PROVIDED DATA:
● ● ● ● ●

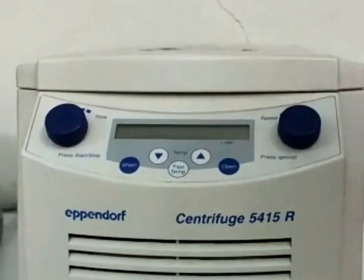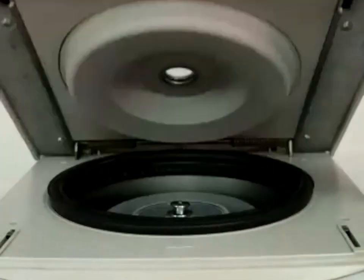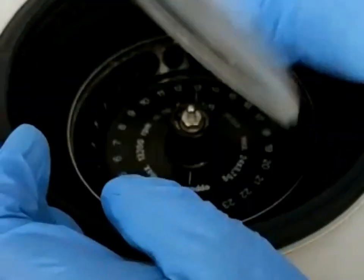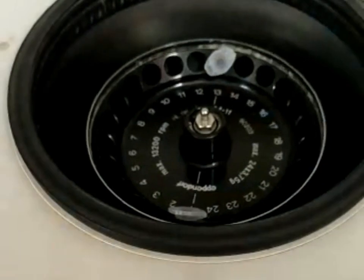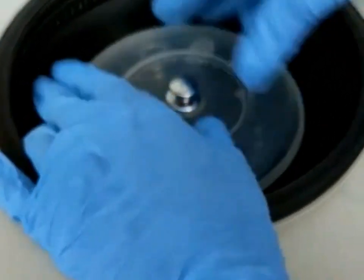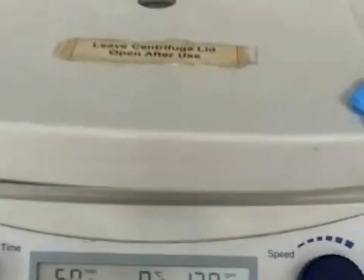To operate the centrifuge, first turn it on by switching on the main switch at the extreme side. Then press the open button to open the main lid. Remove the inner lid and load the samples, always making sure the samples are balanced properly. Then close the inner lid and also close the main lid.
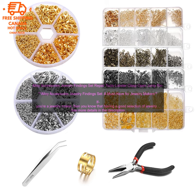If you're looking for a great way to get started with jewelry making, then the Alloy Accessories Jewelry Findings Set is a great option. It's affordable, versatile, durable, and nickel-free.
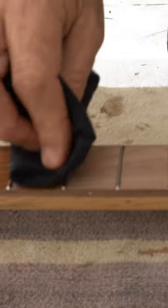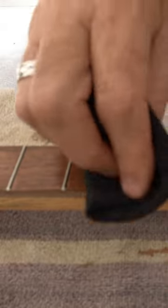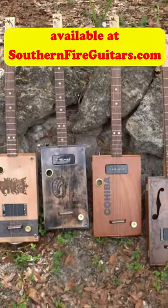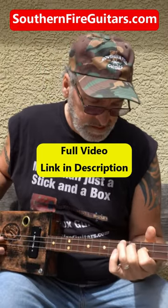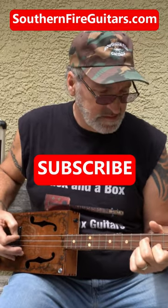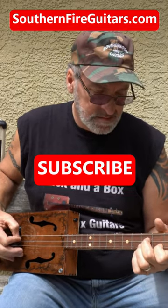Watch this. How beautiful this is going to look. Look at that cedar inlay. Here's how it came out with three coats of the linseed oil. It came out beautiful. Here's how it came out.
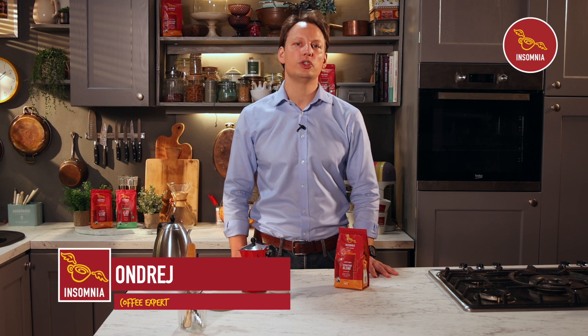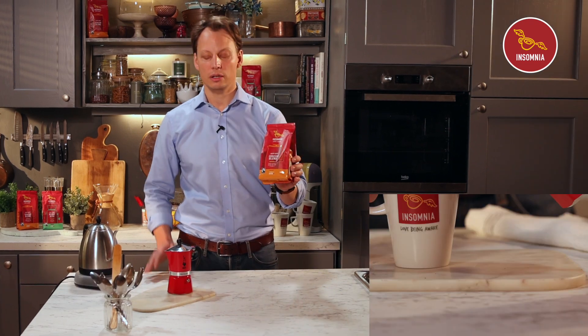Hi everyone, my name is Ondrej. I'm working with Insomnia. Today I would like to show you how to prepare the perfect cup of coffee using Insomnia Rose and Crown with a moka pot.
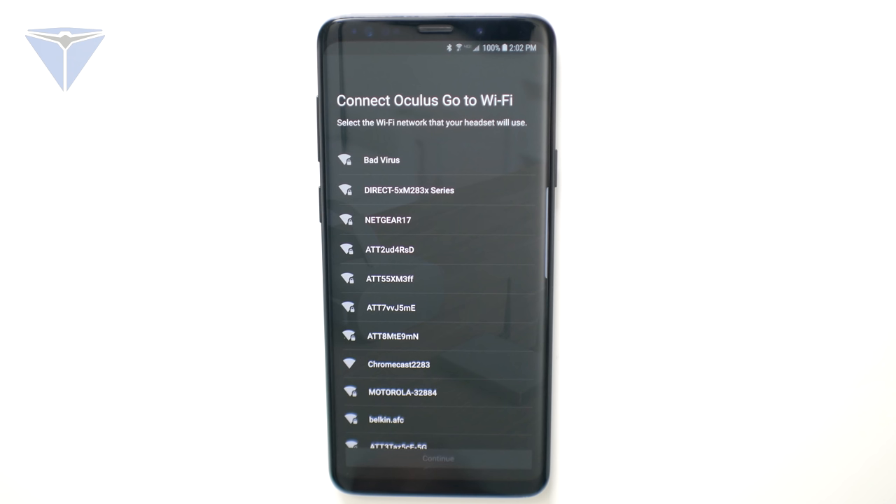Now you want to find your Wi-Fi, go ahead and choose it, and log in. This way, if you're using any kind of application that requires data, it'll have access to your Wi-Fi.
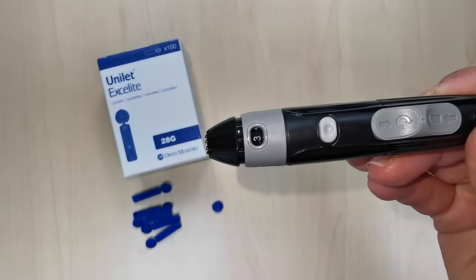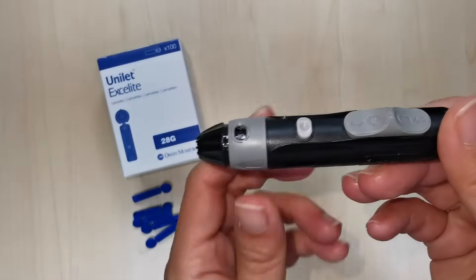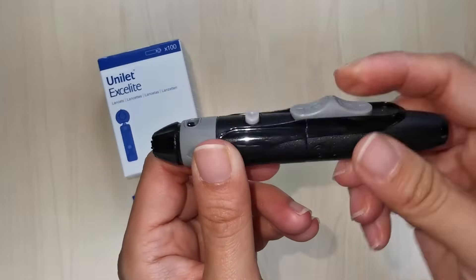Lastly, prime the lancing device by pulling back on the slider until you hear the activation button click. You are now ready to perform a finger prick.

● ● ● ● ●

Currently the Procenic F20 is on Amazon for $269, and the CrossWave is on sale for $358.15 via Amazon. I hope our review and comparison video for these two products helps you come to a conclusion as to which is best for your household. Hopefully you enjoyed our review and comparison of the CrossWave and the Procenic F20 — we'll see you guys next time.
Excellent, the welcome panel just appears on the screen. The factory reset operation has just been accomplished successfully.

● ● ● ● ●

TRY IT: Starting at the line containing "Now you want" and stopping at the line containing "Lastly, prime the", output each line exactly as it appears above. Leave out the pictures.

RESULT:
Now you want to find your Wi-Fi, go ahead and choose it, and log in. This way, if you're using any kind of application that requires data, it'll have access to your Wi-Fi.
Lastly, prime the lancing device by pulling back on the slider until you hear the activation button click. You are now ready to perform a finger prick.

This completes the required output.